The spotlight was turned to the Chancellor's promised Child Tax Credit, as it was made clear that it will give new help to a key hard-pressed group, mothers who give up work to look after their children.

It followed yesterday's pledge that petrol duty will be frozen - and the signals that tax rises, to pour billions more into the NHS and other key services, will mostly not bite until next year.

Mr Blair and Mr Brown have been holding daily Budget negotiations in Downing Street, including a lengthy session last Sunday.

With the main components of tomorrow's package already set, much of the discussion has been concentrated on ways to sweeten the pill. And Mr Brown will tomorrow make the most of the good news he has to offer, right down to tax concessions for bingo players and bikers.

Nonetheless, all the signs remain that at the heart of the Budget will be a massive new tax raid of about £7billion, much of it in the form of increased National Insurance contributions for middle-income earners.

The Child Tax Credit, costing the Treasury an estimated £3billion to introduce, will replace a complex system of benefits and credits for families.

Described by ministers as a "single, seamless system of income-related support for families with children", it will remain a means-tested way of offering help to low-income and middle-income families. But, crucially, the new means test will be based on a couple's joint income rather than the income of the highest earner.

Under present rules, if one partner earns more than £33,935, tax credit payments begin to taper off. They stop altogether if one partner earns more than £41,735. A couple where both husband and wife earn £33,000 receive the full benefit - but if the husband earns £42,000 while the wife stays at home, they get nothing.

Effectively, the stay-at-home spouse currently misses out on personal income tax allowances as well as potential earnings. The shake-up in the laws will offer some compensation.

However, critics warn that the losers under the new arrangements could be families where both the mother and father hold down jobs on, say, £30,000 a year. The new rules, to be announced by Mr Brown tomorrow, could take their joint income above the threshold to receive help.

Labour will take a huge gamble with tomorrow's Budget, in the belief that the public is prepared to accept sweeping tax rises in order to fund better public services.

Critics will accuse the Government of a return to Old Labour taxandspend. The Tories will oppose the package, arguing that there is no guarantee that higher taxes and higher public spending will bring better services.

However, ministers are convinced that they must deliver, particularly on their promised improvements to the NHS, in order to retain the support of voters.

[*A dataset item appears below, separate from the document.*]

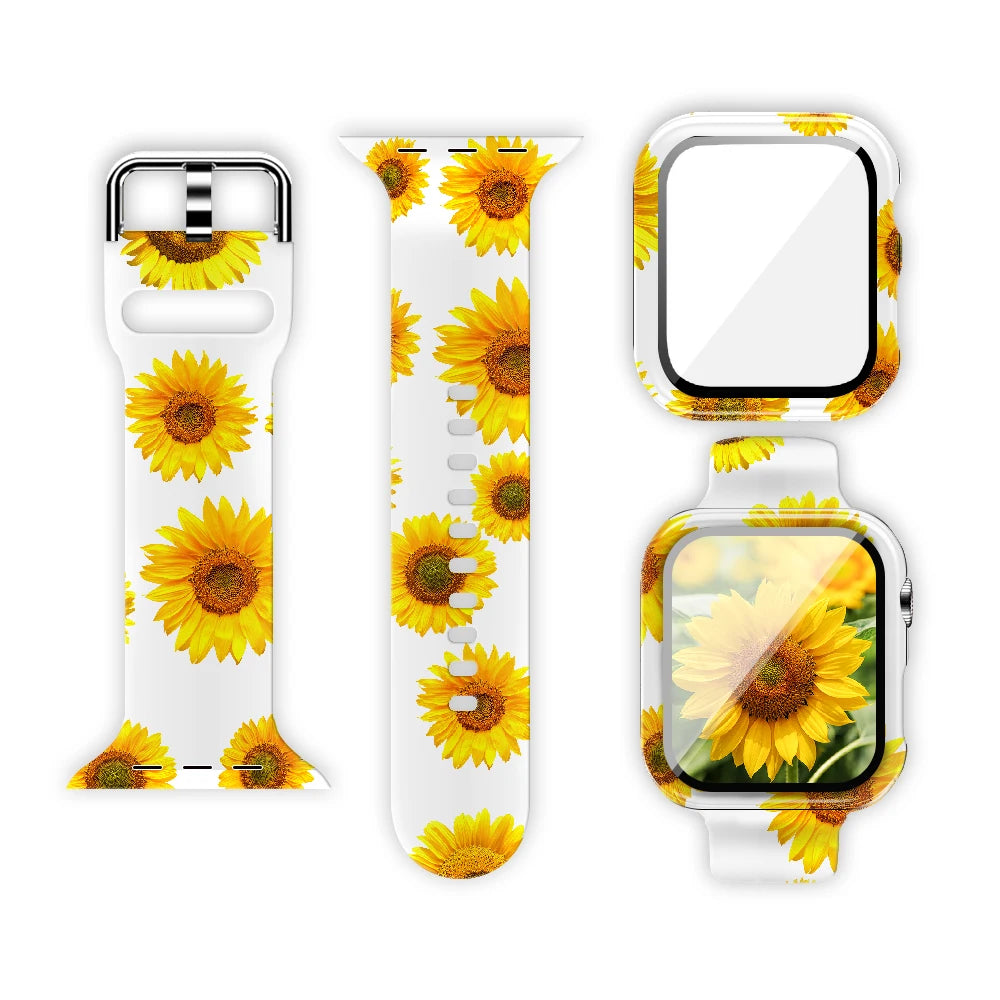 Apple Watch Silicone Strap with vibrant sunflower print, showcasing unique style and comfort for daily wear.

The National Insurance rises could see the rate of employees' contributions increase from 10 to 11 per cent from April 2003, and the ceiling at which workers stop paying lifted from £29,000 to £34,000, costing higher earners £1,400 a year.

Other ways the Chancellor could raise more cash include a rise in the VAT rate from 17.5 to 20 per cent, or an increase in the stamp duty rate on homes costing more than £500,000.